Amelia puso a sus pies una Pouilly; Luciano cogió el sombrero para marcharse, y entonces ella, erguida, con el puño enarbolado y los labios palpitantes de cólera, completamente fuera de si, le dijo:
—No te quise nunca, ¿sabes?, ¡nunca! Ni al casarme contigo. Eres feo, eres ridículo, eres... ¡cualquier cosa! Todo el mundo te conoce bien: eres un estólido; sí, un estólido.
Esta palabra, que Amelia sólo había oído al Pouilly del Diccionario, muerto veinte años antes, se le ofreció de pronto maravillosamente. Amelia no atribuía ningún sentido a esa palabra, pero la supuso muy provocativa y molesta, y la repitió varias veces a gritos, mientras el señor Bergeret bajaba la escalera:
—¡Estólido! ¡Estólido!
Fue la última tentativa.
Y a los quince días se presentó de nuevo a su marido, tranquila, resuelta:
—No puedo sufrir más —le dijo— Tú lo quisiste.
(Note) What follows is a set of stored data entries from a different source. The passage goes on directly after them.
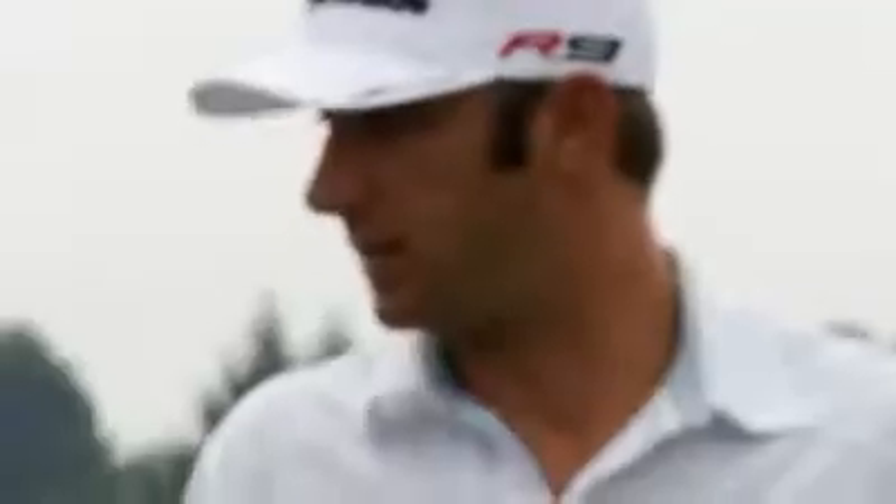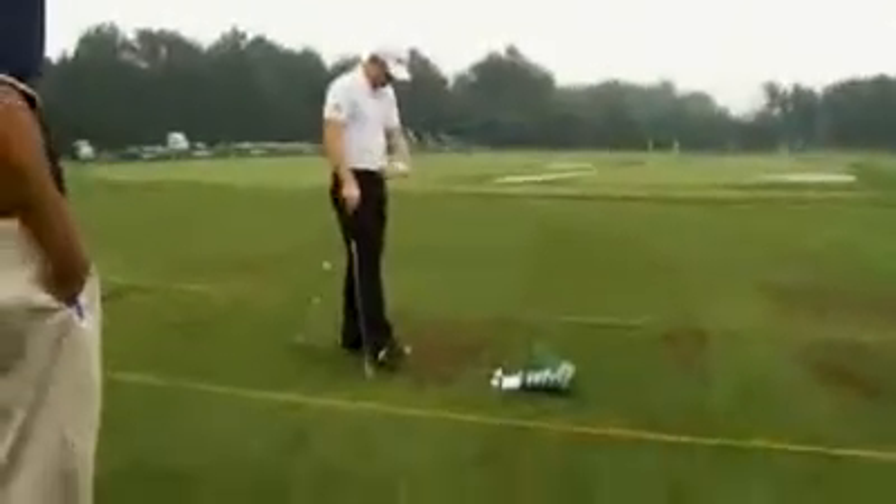The feel of them are perfect. It feels great. As you make contact, it feels like it almost melts through the turf. The ball's real soft off the face.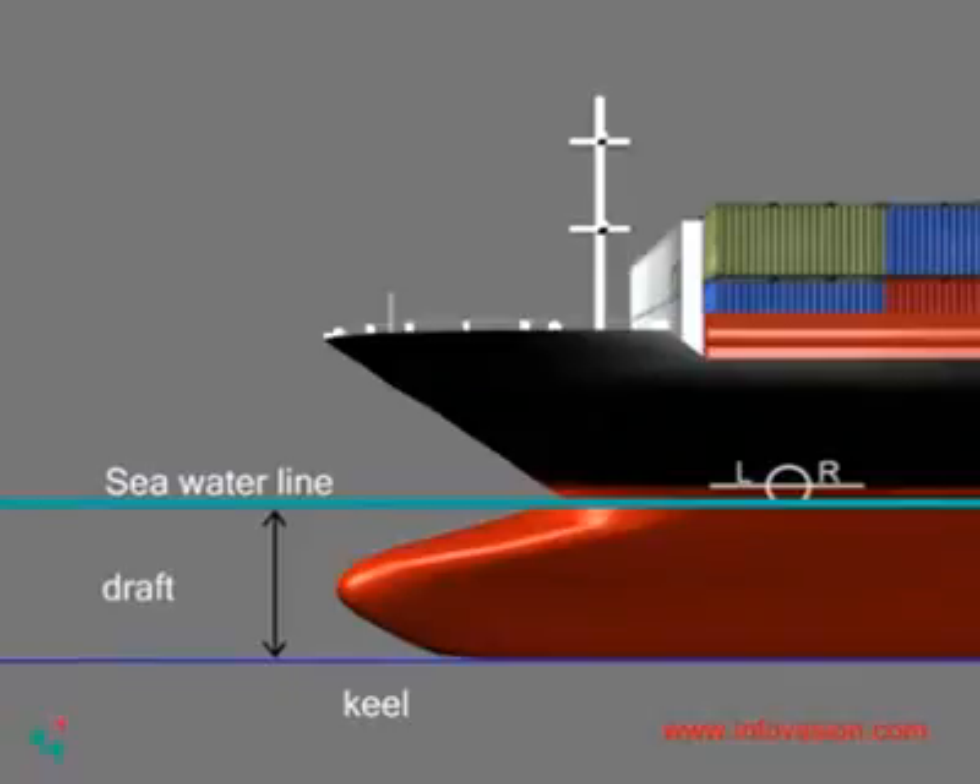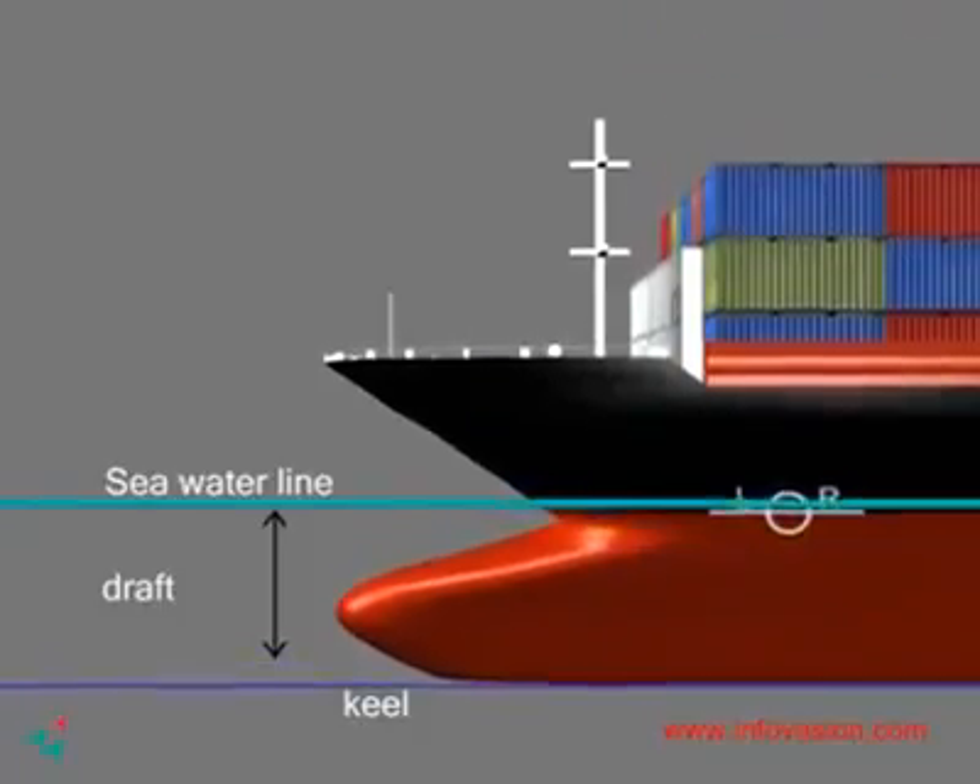Draft is the vertical distance between the water line and the bottom of the hull or keel. The heavier the load, the more is the draft length.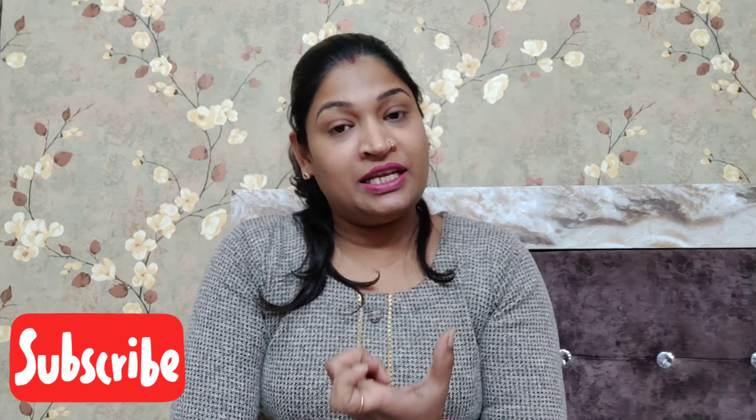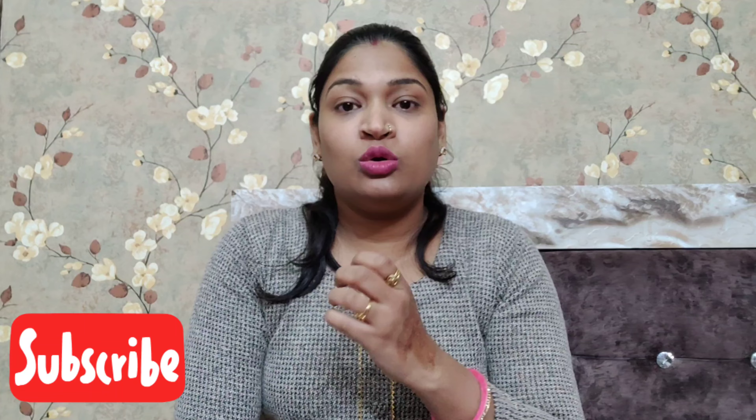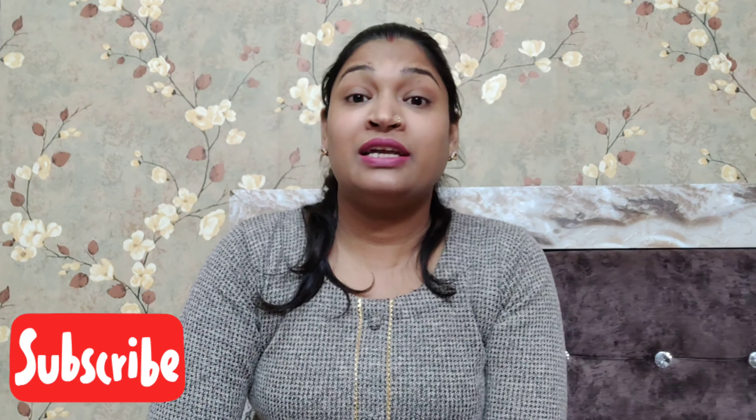Hello friends, my name is Nelita and welcome to my channel Tini Tini Feets. If you have a child in your house and they have problems — they don't speak clearly. Some children miss starting words, some children miss last words, some children speak half words, and some children have problems with some words like la, ta, cha. Today we will talk about tongue exercises.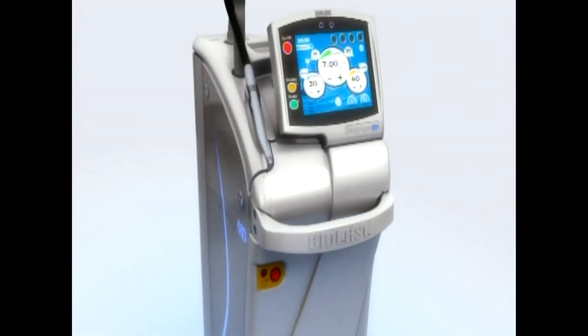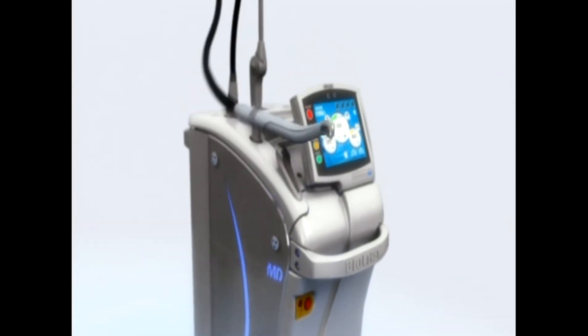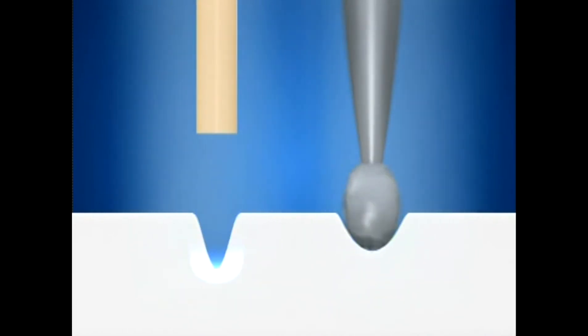The MD Gold handpiece is closer in technique to what you're used to from many years of high-speed drill experience. Although it may be similar, the MD Gold is not the same as the burr where you contact the tooth and apply pressure to cut. The MD Gold tip should be 1 to 2 millimeters from the tooth surface and requires no pressure or contact to cut. Brief contact to tissue is not a problem as long as it's quickly removed from the surface.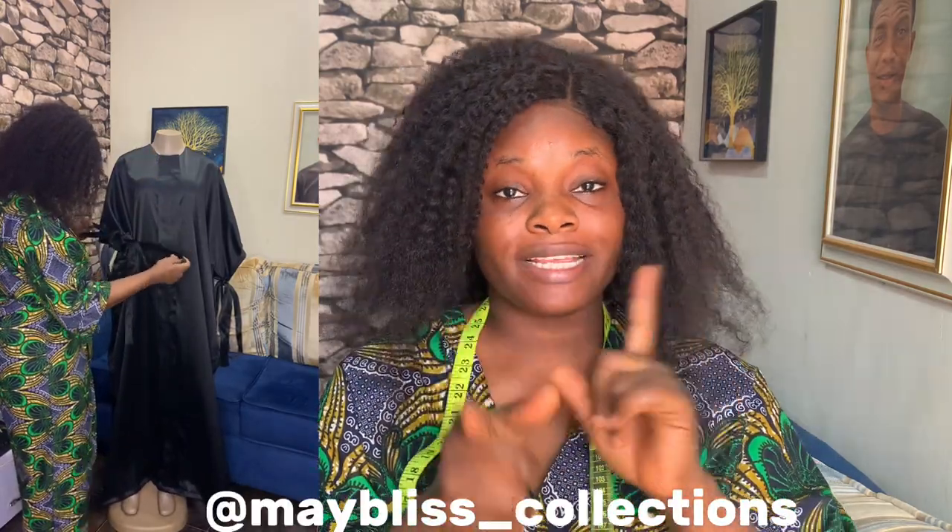If you make this outfit and you want to share a picture with me, you are free to do so — send it on my business page, Maybe's Collections on Instagram. I'll link it down below. You can also share on DIY by Maybe's on Instagram.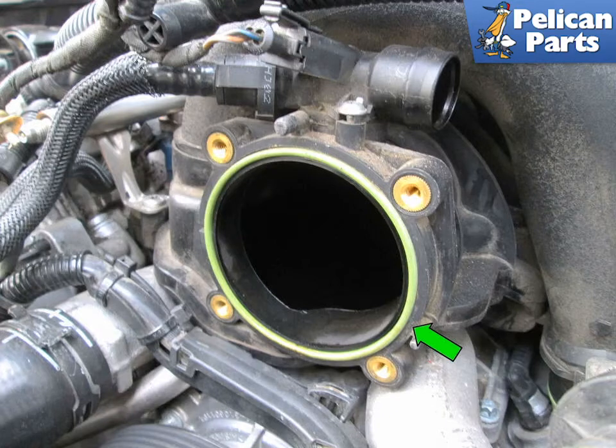Shown here is the throttle body seal on your Porsche Cayenne. This is another seal that can lose its effectiveness over time. Please see our article and video on throttle body cleaning by following the link provided at the end of this video for additional assistance.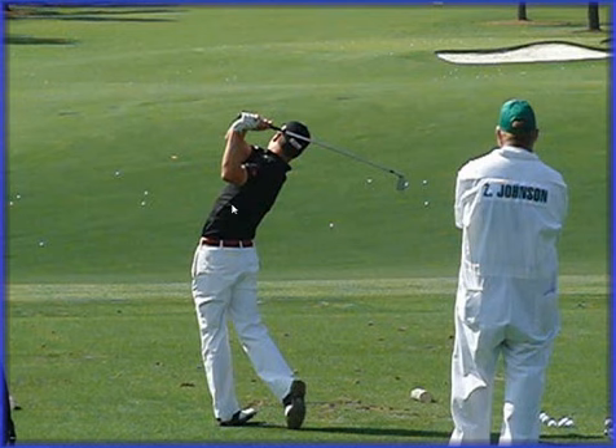I do hope you've enjoyed this analysis of Zach Johnson. If you want to contact me, you can do so at www.DanWhittakerGolf.com. I hope you've enjoyed the analysis and I look forward to joining you again soon. Thanks a lot.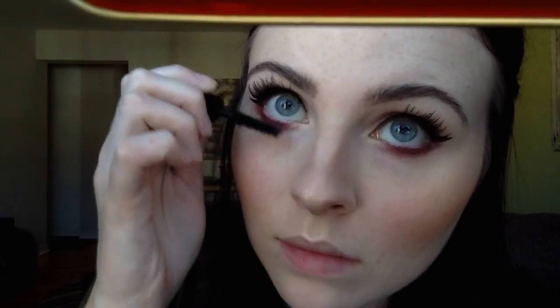I did my lashes off camera — I just used strips on the outer corners of my lashes and they're Remy lashes. Now I'm using the IT Cosmetics Superhero Mascara on my bottom lashes.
Me voy con mamá. Envíame a Mariana y a Julia. Te dejo a Paulina.
Paulina era la mayor, la que recordaba la fisonomía de Bergeret, aquella con quien él simpatizó siempre.
—Supongo —añadió la señora— que señalarás una pensión decente a tus dos hijas menores. Yo no quiero nada tuyo, nada.
Mientras reflexionaba lo que había logrado con su prudente constancia, el señor Bergeret procuró contener su alegría, temeroso de que, al verle satisfecho, Amelia se arrepintiera de una decisión que él juzgaba muy agradable.
Y no dijo ni una palabra; pero meneó la cabeza en señal de asentimiento.